*** Opening of Extracted data ***

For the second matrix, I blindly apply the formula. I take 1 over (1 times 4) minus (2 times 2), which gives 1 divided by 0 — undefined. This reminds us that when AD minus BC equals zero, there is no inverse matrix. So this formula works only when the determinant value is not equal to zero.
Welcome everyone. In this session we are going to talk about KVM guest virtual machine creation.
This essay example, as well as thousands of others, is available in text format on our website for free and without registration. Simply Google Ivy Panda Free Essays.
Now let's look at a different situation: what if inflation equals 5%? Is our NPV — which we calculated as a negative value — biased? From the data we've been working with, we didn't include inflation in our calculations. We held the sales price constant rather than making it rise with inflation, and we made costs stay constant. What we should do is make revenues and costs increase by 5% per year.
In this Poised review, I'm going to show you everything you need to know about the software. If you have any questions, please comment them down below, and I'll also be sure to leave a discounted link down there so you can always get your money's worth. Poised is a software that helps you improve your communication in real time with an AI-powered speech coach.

*** Close of Extracted data ***
*** Opening of Extracted data ***

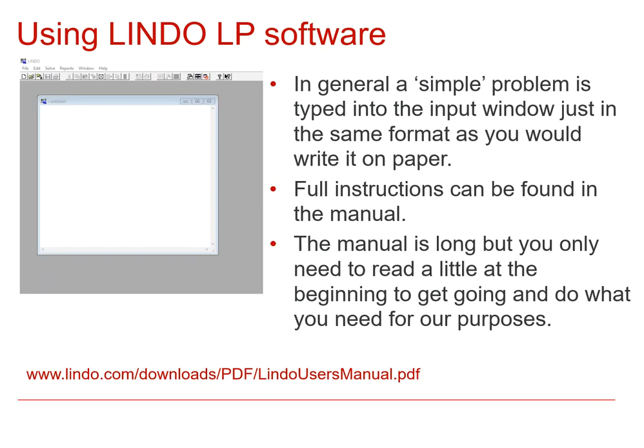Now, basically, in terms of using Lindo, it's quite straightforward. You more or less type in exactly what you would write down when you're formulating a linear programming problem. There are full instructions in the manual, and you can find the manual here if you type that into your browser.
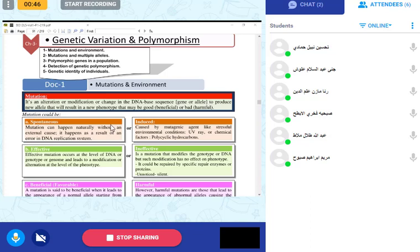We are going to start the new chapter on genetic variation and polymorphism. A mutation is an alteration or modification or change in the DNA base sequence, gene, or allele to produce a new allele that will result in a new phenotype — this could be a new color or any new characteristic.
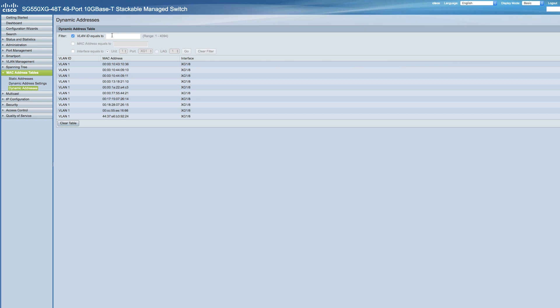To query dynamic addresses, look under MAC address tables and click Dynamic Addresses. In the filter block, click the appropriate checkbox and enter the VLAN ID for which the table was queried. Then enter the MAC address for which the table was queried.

*** Close of Extracted data ***

_Work required_
Print, without alteration, only the lines above between the one holding "Welcome everyone. In" and the one holding "In this Poised", inclusive.

_Result of this task_
Welcome everyone. In this session we are going to talk about KVM guest virtual machine creation.
This essay example, as well as thousands of others, is available in text format on our website for free and without registration. Simply Google Ivy Panda Free Essays.
Now let's look at a different situation: what if inflation equals 5%? Is our NPV — which we calculated as a negative value — biased? From the data we've been working with, we didn't include inflation in our calculations. We held the sales price constant rather than making it rise with inflation, and we made costs stay constant. What we should do is make revenues and costs increase by 5% per year.
In this Poised review, I'm going to show you everything you need to know about the software. If you have any questions, please comment them down below, and I'll also be sure to leave a discounted link down there so you can always get your money's worth. Poised is a software that helps you improve your communication in real time with an AI-powered speech coach.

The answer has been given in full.